The IMF package had kept afloat and economy that was already fragile before the floods rampaged from the northwest to the south, damaging crops and infrastructure which Prime Minister Yusuf Raza Gilani estimated could hit $43 billion, almost one quarter of last year's gross domestic product.

The Lahore blasts which hit a Shi'ite procession on Wednesday bore all the hallmarks of pro-Taliban insurgents, who have carried out sectarian violence designed to destabilise the government.

Security has been tightened in the city to prevent any such incident. We had called the (paramilitary) rangers after the blasts last night, and they are on high alert and can be called again any time if needed, Sajjad Bhutta, Lahore's top administration official, told Reuters.

Reflecting the growing reach of the Pakistani Taliban, U.S. prosecutors overnight charged its leader Hakimullah Mehsud in the plot that killed seven CIA employees at an American base in Afghanistan last December.

The United States also added the Pakistani Taliban to its list of foreign terrorist organisations and set rewards of up to $5 million for information leading to the capture of two of its leaders, Mehsud and Wali-ur-Rehman.

Washington wants to see a stable Pakistan that can help fight militancy in Afghanistan and inside its own borders. Pakistani and U.S. officials are concerned that militant groups could seize upon the disorder caused by the floods to gain recruits.

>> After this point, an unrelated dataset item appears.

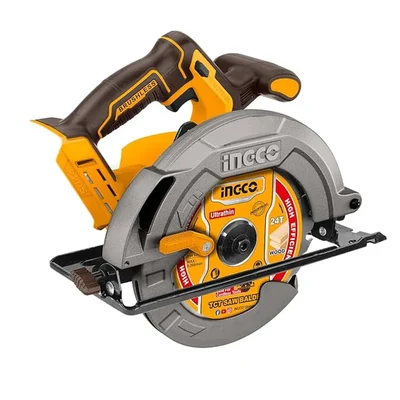 Ingco 185 mm 20V Lithium-Ion Cordless Circular Saw with Cutting Blade, 4800 RPM (CSLI1851)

Moody's Investors Service changed to negative from stable the outlook on the long-term local currency deposit ratings and financial strength ratings of five leading Pakistani banks, due to economic damages caused by the floods.

The rating agency says it expects economic growth to slow down and inflationary pressures to rise sharply on account of factors such as food shortages.[nWLA2053]

Analysts said the IMF decision was a vote of confidence.

This definitely sends out a positive signal that Pakistan is still on track in terms of getting financing from multilateral donors, which it critically needs, despite the country's slippages on the fiscal side, said Asif Qureshi, director at Invisor Securities Ltd.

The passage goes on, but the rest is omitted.